[Patches] From comp.lang.python: A compromise on case-sensitivity

Nick Mathewson nickm@MIT.EDU
Thu, 25 May 2000 18:01:43 -0400


Guido van Rossum <guido@python.org> wrote:
 [...]
>This is a nice idea, although one could argue that you have it
>backwards: you're helping case-careless people to use a case-sensitive
>language, while what we really need now for forward compatibility is a
>warning when case-sensitive people use names in the same namespace
>that only differ by case.

Well, I won't try to carry the comp.lang.python flamewar to this list.
I agree with you that tools are the answer, though I prefer making
IDLE auto-correct case to changing the language itself.
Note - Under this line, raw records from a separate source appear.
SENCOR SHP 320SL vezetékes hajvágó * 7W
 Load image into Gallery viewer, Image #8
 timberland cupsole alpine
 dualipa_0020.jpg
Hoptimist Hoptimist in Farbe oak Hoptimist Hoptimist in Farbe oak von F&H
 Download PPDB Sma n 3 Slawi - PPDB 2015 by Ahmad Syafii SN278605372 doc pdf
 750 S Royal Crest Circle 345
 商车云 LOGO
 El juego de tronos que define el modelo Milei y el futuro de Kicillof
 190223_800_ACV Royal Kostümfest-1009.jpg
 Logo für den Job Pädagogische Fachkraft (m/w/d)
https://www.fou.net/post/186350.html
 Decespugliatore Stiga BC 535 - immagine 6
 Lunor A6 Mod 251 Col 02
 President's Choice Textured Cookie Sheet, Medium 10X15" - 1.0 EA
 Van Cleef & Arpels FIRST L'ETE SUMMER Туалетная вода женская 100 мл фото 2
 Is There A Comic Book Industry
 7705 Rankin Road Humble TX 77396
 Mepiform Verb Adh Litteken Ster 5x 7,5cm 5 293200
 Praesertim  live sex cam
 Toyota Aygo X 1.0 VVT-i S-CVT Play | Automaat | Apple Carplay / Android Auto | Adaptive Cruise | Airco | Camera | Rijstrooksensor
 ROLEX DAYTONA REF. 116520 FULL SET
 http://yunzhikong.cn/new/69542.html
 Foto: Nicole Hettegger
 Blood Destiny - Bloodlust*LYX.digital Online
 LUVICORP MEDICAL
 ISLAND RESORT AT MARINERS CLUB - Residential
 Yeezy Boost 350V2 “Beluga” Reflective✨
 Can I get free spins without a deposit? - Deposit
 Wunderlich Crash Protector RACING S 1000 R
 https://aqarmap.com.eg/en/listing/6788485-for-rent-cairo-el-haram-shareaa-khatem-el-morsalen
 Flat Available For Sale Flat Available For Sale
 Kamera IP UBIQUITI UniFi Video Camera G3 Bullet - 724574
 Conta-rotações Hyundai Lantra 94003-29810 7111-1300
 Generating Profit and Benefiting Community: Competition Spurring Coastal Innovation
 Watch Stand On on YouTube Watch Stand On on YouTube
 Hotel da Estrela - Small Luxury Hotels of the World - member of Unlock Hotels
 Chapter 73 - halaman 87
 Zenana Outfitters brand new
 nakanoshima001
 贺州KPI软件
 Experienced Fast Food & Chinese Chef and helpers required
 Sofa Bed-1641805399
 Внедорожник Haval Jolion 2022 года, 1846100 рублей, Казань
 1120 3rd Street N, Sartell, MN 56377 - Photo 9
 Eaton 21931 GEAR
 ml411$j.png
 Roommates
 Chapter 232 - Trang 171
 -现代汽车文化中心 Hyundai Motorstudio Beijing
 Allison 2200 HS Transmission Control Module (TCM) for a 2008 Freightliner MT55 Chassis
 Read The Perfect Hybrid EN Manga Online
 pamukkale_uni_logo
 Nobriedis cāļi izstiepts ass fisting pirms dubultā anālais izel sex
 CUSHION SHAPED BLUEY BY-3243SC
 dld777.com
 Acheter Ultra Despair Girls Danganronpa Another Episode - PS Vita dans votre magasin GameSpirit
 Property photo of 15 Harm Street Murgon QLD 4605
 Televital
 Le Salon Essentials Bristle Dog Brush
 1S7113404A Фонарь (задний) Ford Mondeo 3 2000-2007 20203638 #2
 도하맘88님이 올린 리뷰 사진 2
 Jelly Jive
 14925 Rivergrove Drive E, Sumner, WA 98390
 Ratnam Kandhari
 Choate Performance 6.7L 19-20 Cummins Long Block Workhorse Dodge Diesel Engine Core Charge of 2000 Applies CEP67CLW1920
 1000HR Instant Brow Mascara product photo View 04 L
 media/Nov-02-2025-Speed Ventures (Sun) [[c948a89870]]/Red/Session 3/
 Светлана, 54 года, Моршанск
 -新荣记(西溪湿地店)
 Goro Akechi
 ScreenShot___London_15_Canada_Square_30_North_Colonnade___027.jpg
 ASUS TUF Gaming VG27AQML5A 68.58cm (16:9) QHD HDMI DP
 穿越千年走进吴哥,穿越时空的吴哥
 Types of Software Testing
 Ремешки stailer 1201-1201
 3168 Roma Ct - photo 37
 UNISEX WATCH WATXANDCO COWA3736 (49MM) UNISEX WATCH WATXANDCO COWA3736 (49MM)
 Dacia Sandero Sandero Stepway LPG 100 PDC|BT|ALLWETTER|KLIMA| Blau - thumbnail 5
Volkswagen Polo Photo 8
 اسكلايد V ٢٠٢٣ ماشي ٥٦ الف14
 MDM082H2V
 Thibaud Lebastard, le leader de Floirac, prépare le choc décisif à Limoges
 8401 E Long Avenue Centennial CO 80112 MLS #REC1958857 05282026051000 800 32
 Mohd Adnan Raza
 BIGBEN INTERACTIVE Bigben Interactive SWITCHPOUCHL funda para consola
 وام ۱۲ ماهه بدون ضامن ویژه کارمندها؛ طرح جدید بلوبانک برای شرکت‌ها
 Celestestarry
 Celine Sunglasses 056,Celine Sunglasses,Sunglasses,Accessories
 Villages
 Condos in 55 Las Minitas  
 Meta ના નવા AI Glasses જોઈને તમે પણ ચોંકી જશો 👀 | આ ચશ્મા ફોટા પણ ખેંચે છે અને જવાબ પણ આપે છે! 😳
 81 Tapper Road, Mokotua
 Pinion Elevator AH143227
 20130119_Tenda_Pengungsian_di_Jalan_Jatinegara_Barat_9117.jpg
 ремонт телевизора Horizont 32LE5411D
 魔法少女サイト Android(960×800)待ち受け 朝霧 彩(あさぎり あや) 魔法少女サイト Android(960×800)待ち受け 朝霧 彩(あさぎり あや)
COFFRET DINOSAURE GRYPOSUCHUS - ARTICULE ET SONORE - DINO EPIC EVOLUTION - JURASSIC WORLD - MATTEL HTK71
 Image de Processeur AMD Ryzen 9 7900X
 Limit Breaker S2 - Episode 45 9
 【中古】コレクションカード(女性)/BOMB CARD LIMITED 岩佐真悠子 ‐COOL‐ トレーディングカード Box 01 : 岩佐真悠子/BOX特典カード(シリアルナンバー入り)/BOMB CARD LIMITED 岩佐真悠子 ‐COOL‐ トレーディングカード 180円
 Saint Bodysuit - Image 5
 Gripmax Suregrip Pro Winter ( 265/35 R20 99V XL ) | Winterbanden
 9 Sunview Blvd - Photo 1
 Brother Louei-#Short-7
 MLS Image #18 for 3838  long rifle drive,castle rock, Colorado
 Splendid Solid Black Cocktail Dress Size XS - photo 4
Still, it's
your decision. ;)

In the short and medium-term, however, this makes Python more usable.
I wonder whether an Alice-like research project would get the same
results about beginners and case-sensitivity if Python gave more
helpful error messages.

 [...]
>                                                     Recently, we
>discovered that there was a significant slowdown in class instance
>creation compared to 1.5.2, which (after considerable investigation)
>turned out to be due to code that made the AttributeError message a
>bit nicer.  What happened was that when a class has no __init__, an
>AttributeError was raised for that name, which was subsequently
>caught.  The code that raised the exception was changed to do a whole
>lot more work, which ended up being more work than the instance
>creation in the first place!

I see what you're saying, and I agree with it.  In fact, I'd bet there
is a lot of code written by people who don't know about 3-argument
getattr that looks like this:

         try:
            a = x.attr
         except AttributeError:
            a = None

As I noted, my patch adds a lot of overhead to raising AttributeError
and NameError.  This isn't good.

Martin von Loewis suggested an alternative that I'm implementing now:
instead of putting the find-a-close-name logic into ceval.c, I'm
change the __str__ methods of AttributeError and NameError.  This way,
we only do the expensive O(n) computation if the __str__ method of the
exception is actually called.

How does this sound to people?  One side advantage is that it makes
creation of AttributeError objects cheaper when they aren't printed,
and thereby actually improves the performance-critical case.

Of course, printed error messages remain expensive.

I should have a patch to send in later tonight.